How dynamic scaling of Python application processes works on Passenger Standalone

Passenger dynamically adjusts the number of application processes based on traffic. Learn how Passenger decides when a process should be added or removed.

Table of contents

Maximum process concurrency

Main article: Request load balancing

A core concept in dynamic process scaling is that of the maximum process concurrency. This is the maximum number of concurrent requests that a particular process can handle.

For Python applications, the maximum process concurrency is always 1.

A new process is spawned when the concurrency limit is reached

Passenger keeps track of the number of requests a process is handling. When all processes have reached their maximum concurrency – that is, when they're handling exactly as many requests as their maximum concurrency indicate they can – then Passenger will decide to spawn a new process.

This behavior is deeply coupled to the request load balancing logic, so you should read up on that too.

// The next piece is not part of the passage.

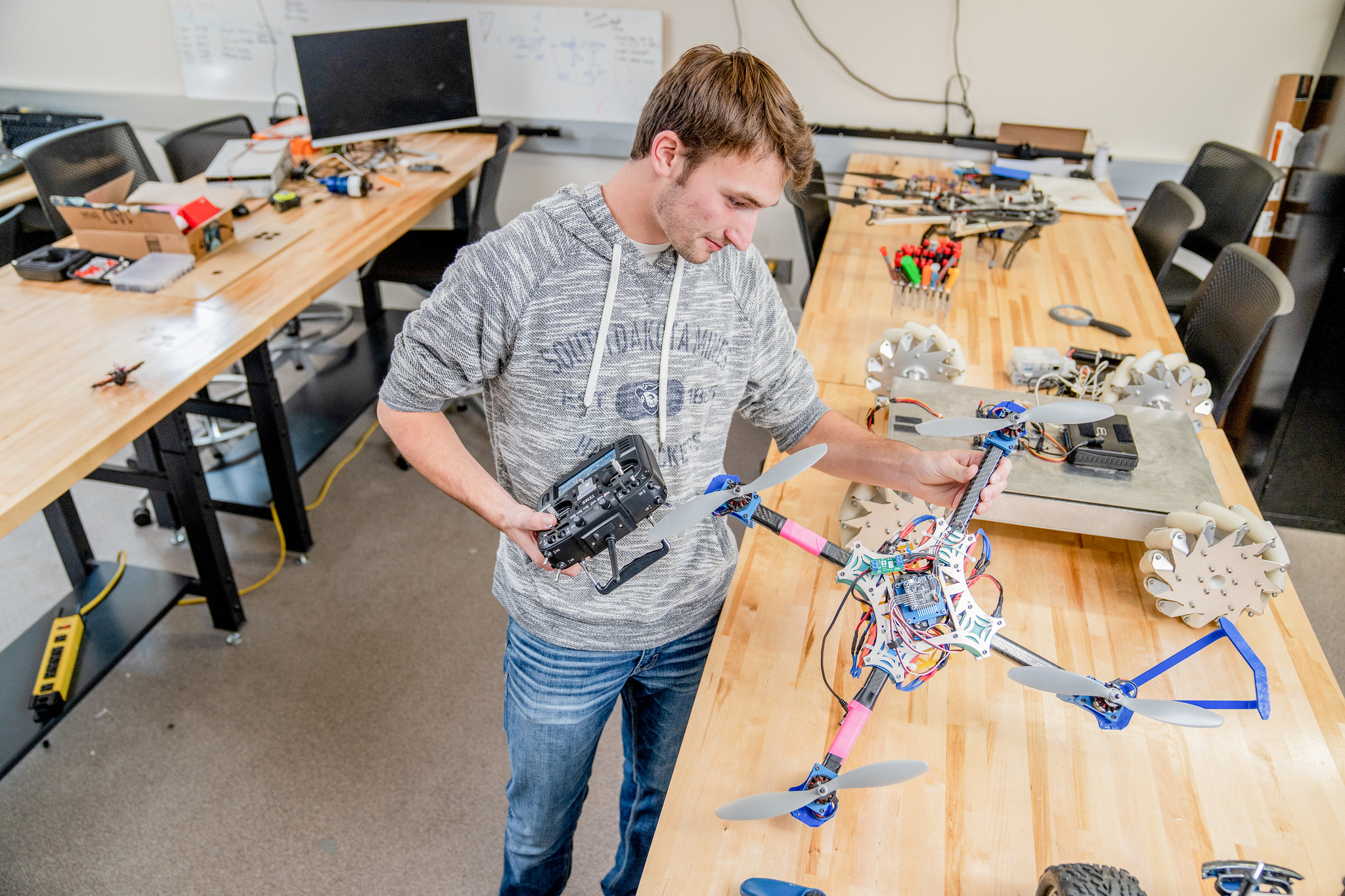 Students working on a drone and robotics equipment in a lab.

Example: maximum concurrency of 1

Suppose that you have 3 application processes, and each process's maximum concurrency is 1. When the application is idle, none of the processes are handling any requests:

Process A [ ]
Process B [ ]
Process C [ ]

When a new request comes in, Passenger may decide to route the request to process A. Now A has reached its maximum concurrency:

Process A [*]
Process B [ ]
Process C [ ]

Suppose that, while that request is still in progress, two new requests come in. Because A has reached its maximum concurrency, Passenger routes these two new requests to B and C. Now all requests have reached their maximum concurrency:

Process A [*]
Process B [*]
Process C [*]

If a new request comes in while all previous 3 requests are still in progress, then Passenger will decide to spawn a new process. This new incoming request is put in a queue:

Request queue [*       ]

Process A [*]
Process B [*]
Process C [*]
Process D (spawning...)

When process D is done spawning, or when one of the existing processes is done with their request (and are no longer at their maximum concurrency), then Passenger will route the queued request to either of those processes.

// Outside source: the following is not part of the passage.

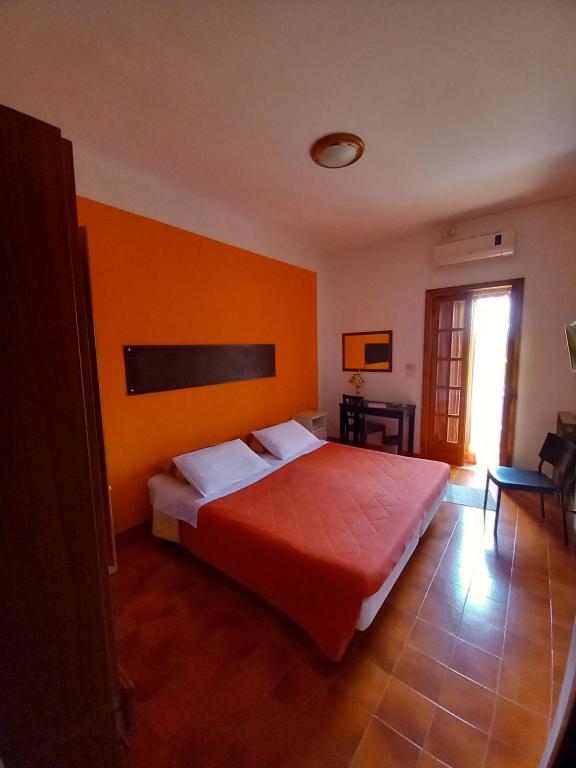 Postel nebo postele na pokoji v ubytování Breezes B&B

Suppose D finishes spawning immediately after, then the situation looks like this:

Request queue [        ]
                |
Process A [*]   |
Process B [*]   |  queued request
Process C [*]   |  is routed to D
Process D [*] <-+

A process is shut down when it becomes idle

When a process hasn't processed any requests for a while, it is said to be "idle". Idle processes are shut down in order to conserve resources during periods of low traffic.

Process limits

The minimum and maximum amount of processes depend on various configuration options, such as --max-pool-size / "max_pool_size", and --min-instances / "min_instances". Passenger won't ever scale the number of processes past the limits set by those configuration options.

Disabling dynamic process scaling

You can disable dynamic process scaling by setting --min-instances / "min_instances" and --max-pool-size / "max_pool_size" to the same number. The advantage of this is that it will make your server a bit faster, because process spawning is expensive. The disadvantage is that Passenger will not be able to free up processes in order to conserve resources during times of low traffic.